WHAT YOU ARE ASKED TO DO >> Only the lines from the one holding "Guarda prende homem" to the end of the data should be echoed, exactly as they appear, minus the pictures.

SUPPLIED MATERIAL >>
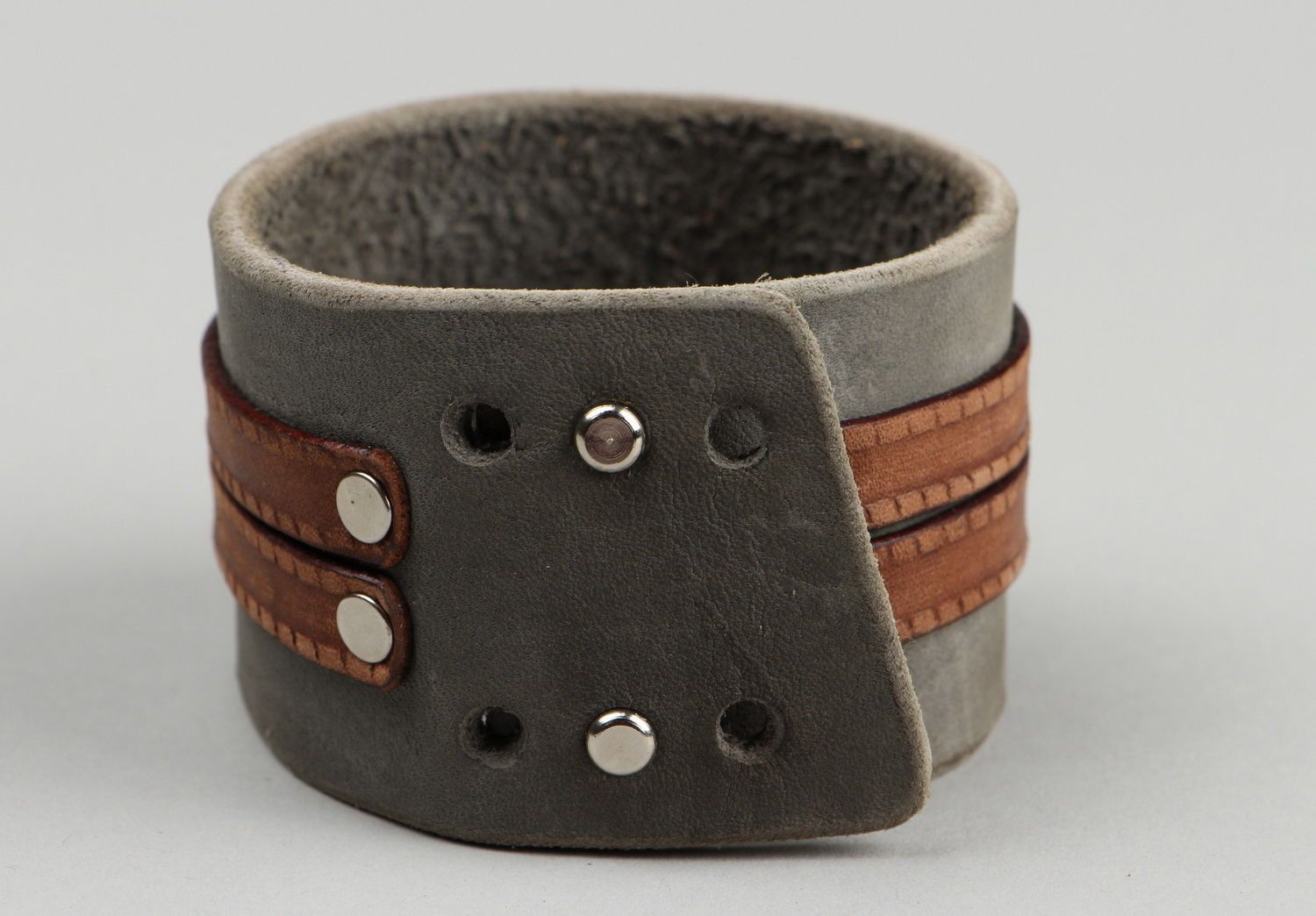 Leather Bracelet of  with embossing photo 4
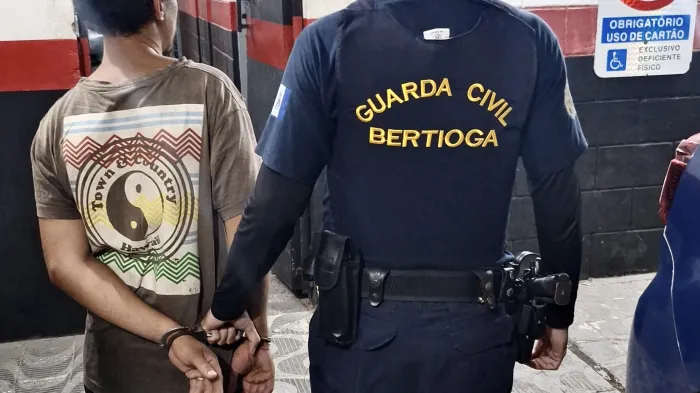 Guarda prende homem em situação de rua por furto de celular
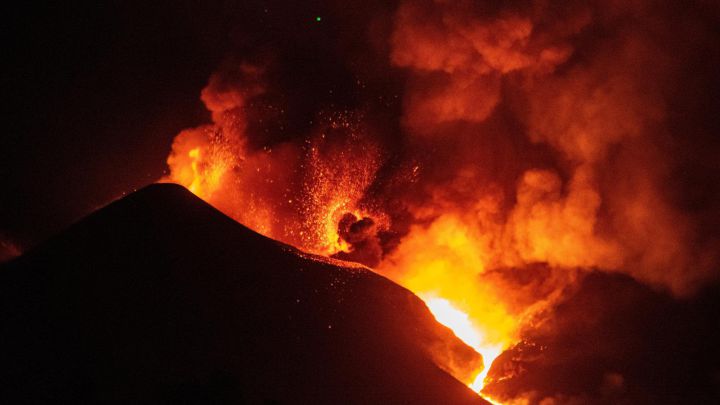 Informan que se abre nueva boca en el volcán Cumbre Vieja en Islas Canarias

THE COMPLETED TASK >>
 Guarda prende homem em situação de rua por furto de celular
 Informan que se abre nueva boca en el volcán Cumbre Vieja en Islas Canarias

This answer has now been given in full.